На семинаре Луговского учились: Константин Симонов, Евгений Долматовский, «Любимый город может спать спокойно…» — это его, Михаил Матусовский, а его — «Подмосковные вечера» и «Старый клён», хотя в обоих случаях далеко не только это, Михаил Луконин, Сергей Наровчатов, Маргарита Алигер, первая жена Симонова — Евгения Ласкина…

Характерно, что на институт его любовные похождения не распространялись: там эта тема была табуирована — учитель, значит учитель.

Вёл занятия свободно, раскованно, доброжелательно, бесконечно терпеливо занимался даже самыми слабыми стихами, много рассказывал о загранице, про Таджикистан и Туркменистан, про басмачей, про музеи и вулканы — потом снова возвращался к поэзии…

Все ученики были вхожи в его дом, всех привечал.

Приветствовал: «Входите, деточки, входите!»

Ученики называли его «дядя Володя», хотя, в сущности, они даже в сыновья ему не годились.

Симонов: «Мы любили его, потому что он любил нас».

Юный Луконин, выбиравший между футболом и поэзией, выбрал поэзию, прибыл из Сталинграда — а ночевать негде. Дядя Володя сводил его в Третьяковку, накормил, повёл ночевать к себе.

Там Луконин был порядком и не раз удивлён, для начала квартирой: на стене портрет Маяковского — «…работы Пикассо», — небрежно бросает хозяин; огромный радиоприёмник с рубчатыми эбанитовыми ручками — таким даже сигналы с Марса можно уловить; висят боксёрские перчатки, на столе буддообразные фигурки толпой и отточенные, как стрелы, карандаши; на стенах — оружие, всё в шпагах, саблях и винтовках, мало того, в комнате поэта настоящий пулемёт «максим» — если б Луговского решили взять боем, он мог бы держать оборону несколько дней… Сам — огромен, источает мощь и самоуверенность, и тут вдруг голос появившейся в дверях старенькой мамы:

— Миша, вы следите за Володенькой, он такой беспомощный!

Мамы, такие мамы.

У поэта Владимира Журавлёва была другая проблема: он влюбился, а родители невесты твёрдо ответили: «Нет! Сочинитель стихов нам в качестве мужа не требуется!»

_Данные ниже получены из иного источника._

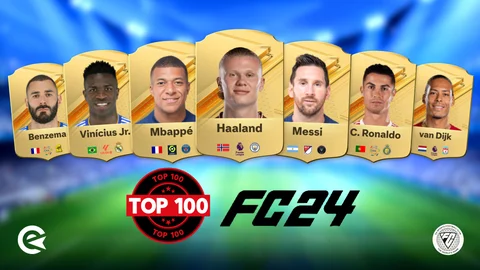 EA Sports FC 24 Top 100 Ratings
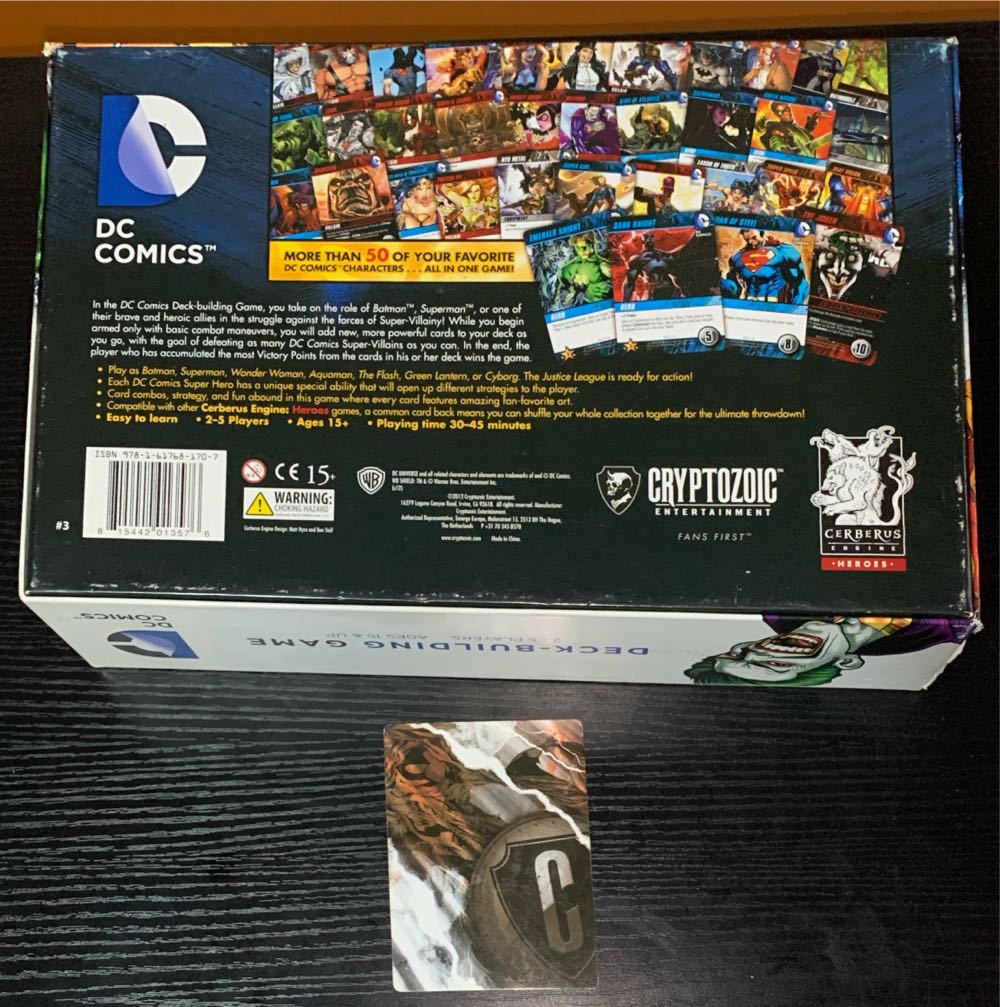 DC Deck-Building Game: Forever Evil – The Joker Super Villain  (1-5) board game collectible [Barcode 815442013576] - Main Image 2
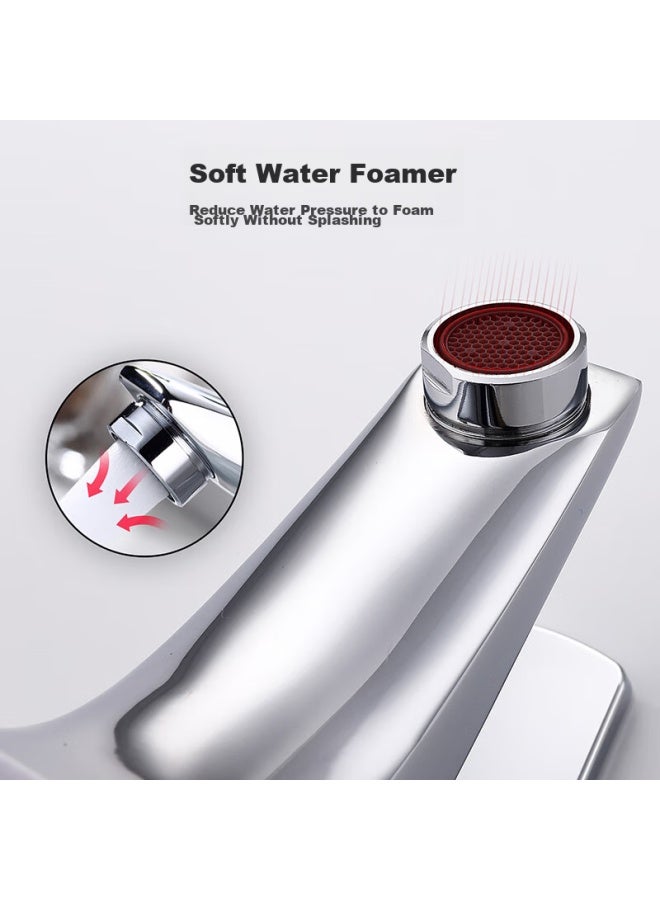 Larsd Double-hole Basin Faucet, Copper Body, Hot And Cold Face Basin, Washbasin, Bathroom Cabinet, Sink Faucet Ld5122 - Image 5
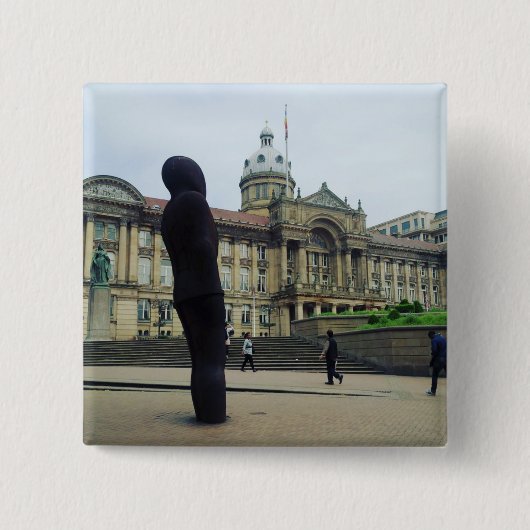 Birmingham Victoria Square 3 Cm Round Abzeichen Button (Vorderseite)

Журавлёв пришёл на семинар в небывалой тоске, дядя Володя вывел его в коридор: в чём дело, деточка?

Так вот и так, дядя Володь.

Луговской говорит: пойдём. Надевает свой лучший пиджак, лучшие ботинки, причёсывается, одеколон в ладонь, два удара по щекам — вперёд!

Вот они у родителей любимой девушки, и Луговской запирается с ними на полчаса.

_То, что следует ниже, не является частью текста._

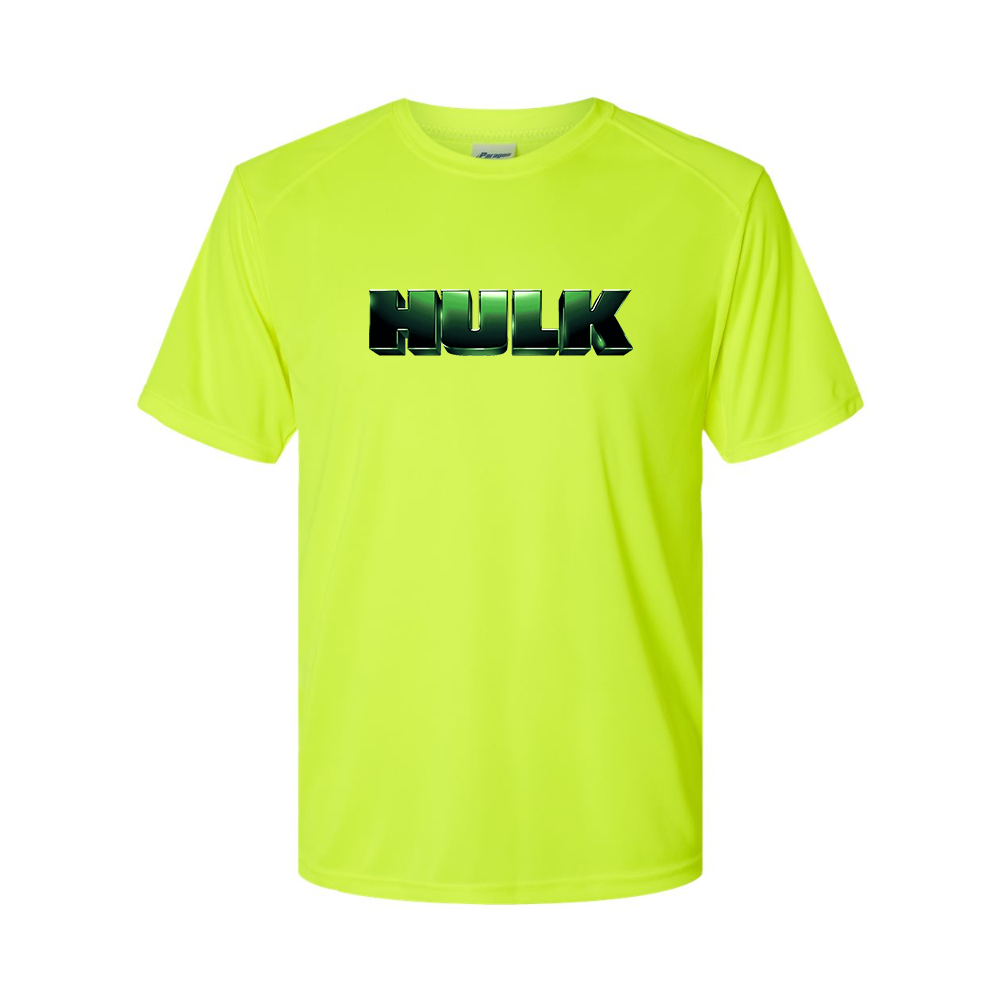 Men's The Hulk Marvel Superhero Polyester T-Shirt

Через полчаса выходит: поздравляю, вы жених и невеста, можешь отныне называть её родителей — «мамой» и «папой».

(Журавлёв действительно женился и прожил всю жизнь с этой женой.)

Вот это учитель! Деточки звонили ему в любое время дня и, главное, ночи — он всегда брал трубку, он всегда был на связи.

Ученики готовы были идти за ним, куда позовёт, он и готовил их, как своих питомцев.

«На стене горят / клинки и ружья, / Я проснулся, / подниматься стал. / Что не спишь ты, / славное оружье? / Что звенишь, / изогнутая сталь?» — вопрошал Луговской в стихах тех лет.

Сталь звенит к войне. Стихотворение заканчивалось так:

«А для тех, кто победит в последних / Битвах приближающихся лет, / Мужественно встанет мой наследник, / Настоящий воин и поэт».

Когда начались самые страшные времена — они смотрели на него и верили ему, как отцу. А иные — больше, чем отцу: наставнику, воину и поэту.